Instructions to follow: Output exactly, and only, the lines below from the one with "Old Runes, New" down to the one with "Jednym z atrakcji". Include both end lines and no pictures.

= = = = = = =

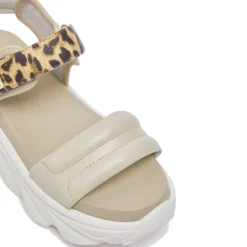 Sandali Chuncky Donna LIU JO Steffy Sandal 01 Beige e Inserto stampa Animalier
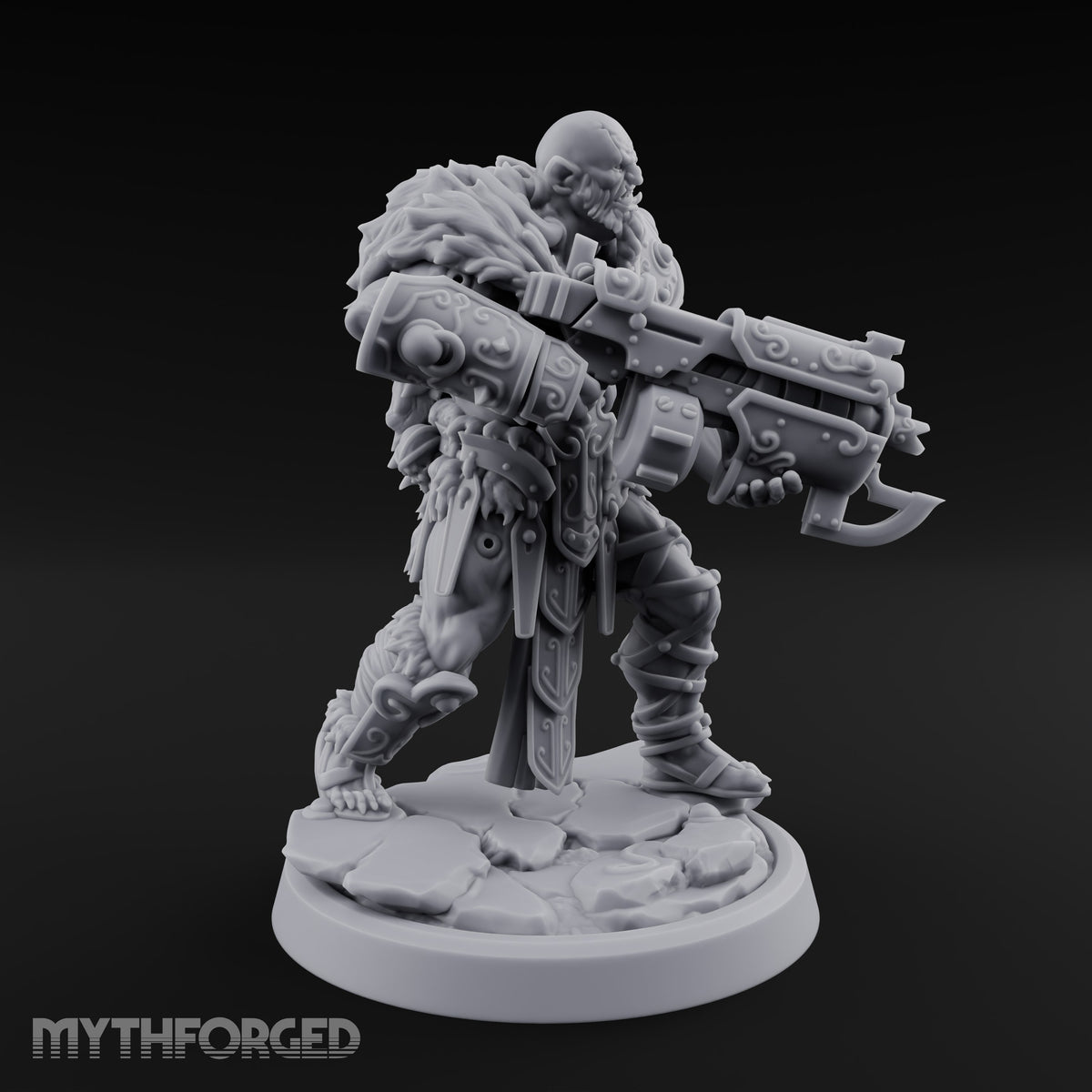 Old Runes, New Firepower Space Orc Heavy Warrior A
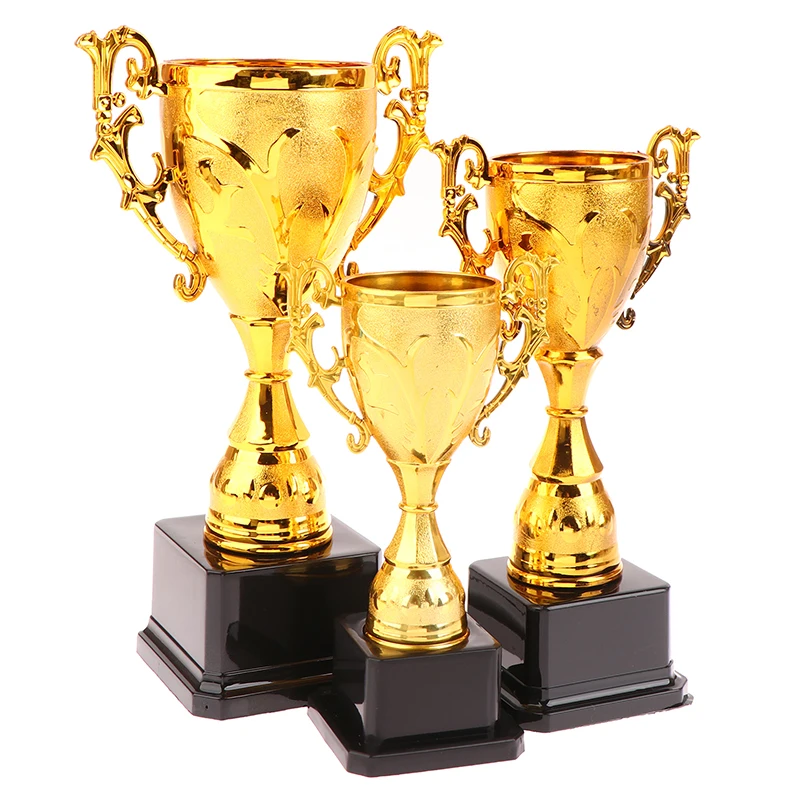 1Pcs Award Trophy Winner Trophies Children Plastic Trophy Toys Props For Kids Competition Reward Prize Party Favors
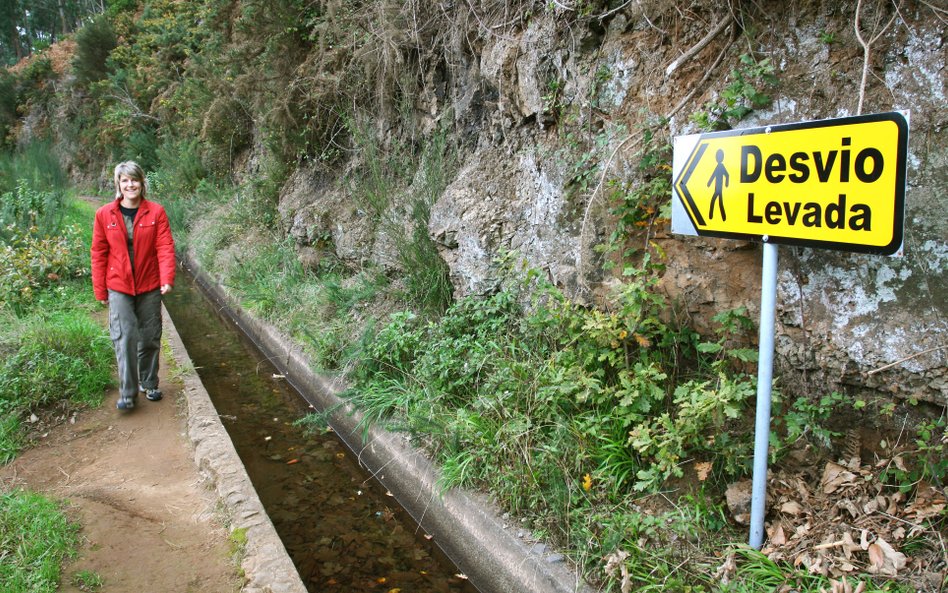 Jednym z atrakcji Madery są szlaki w górach prowadzące do punktów widokowych i ciągnące się wzdłuż n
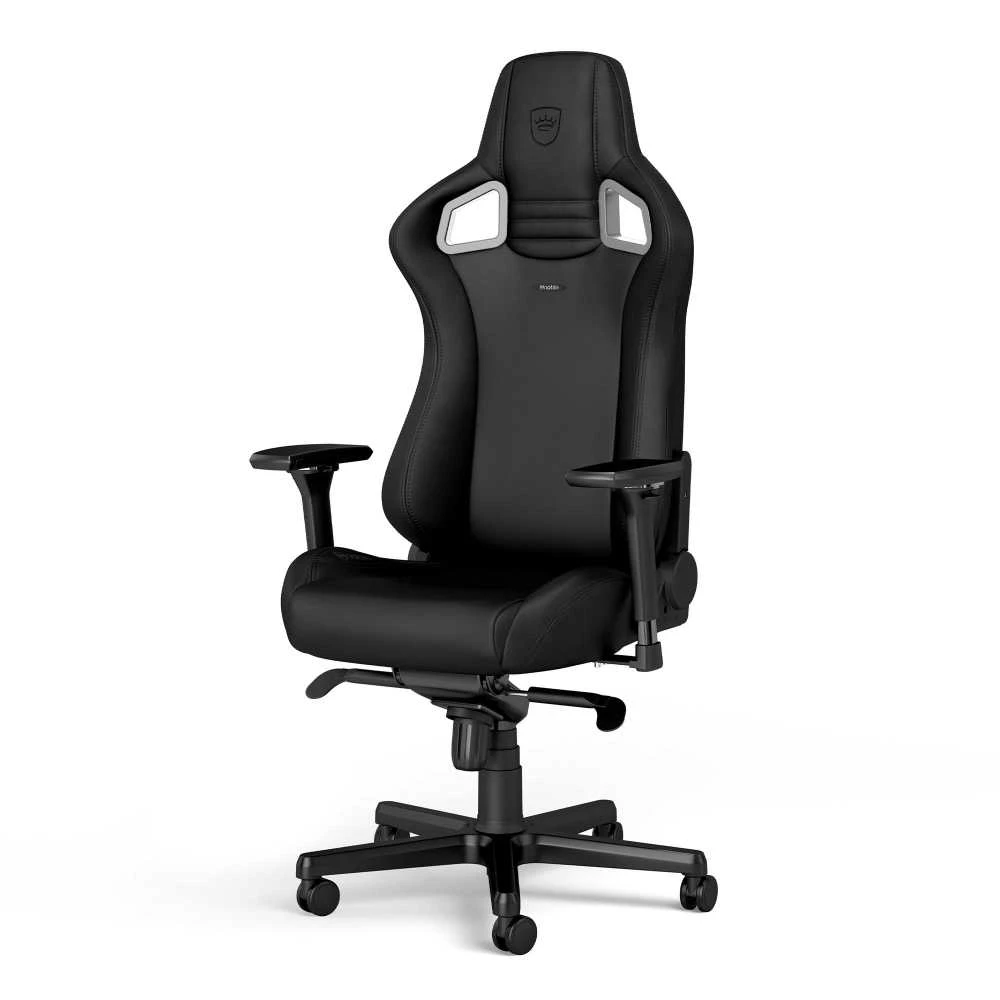 Žaidimų kėdė Noblechairs EPIC Juodas Edition Vinyl/PU hybrid leather Gaming Chair, Juoda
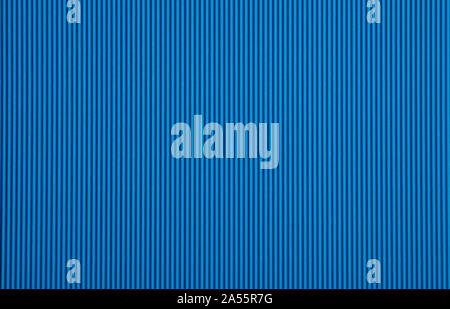 Wellpappe Papier blaue Farbe Hintergrund und Textur, kopieren. Stockfoto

= = = = = = =

Result of the task:
 Old Runes, New Firepower Space Orc Heavy Warrior A
 1Pcs Award Trophy Winner Trophies Children Plastic Trophy Toys Props For Kids Competition Reward Prize Party Favors
 Jednym z atrakcji Madery są szlaki w górach prowadzące do punktów widokowych i ciągnące się wzdłuż n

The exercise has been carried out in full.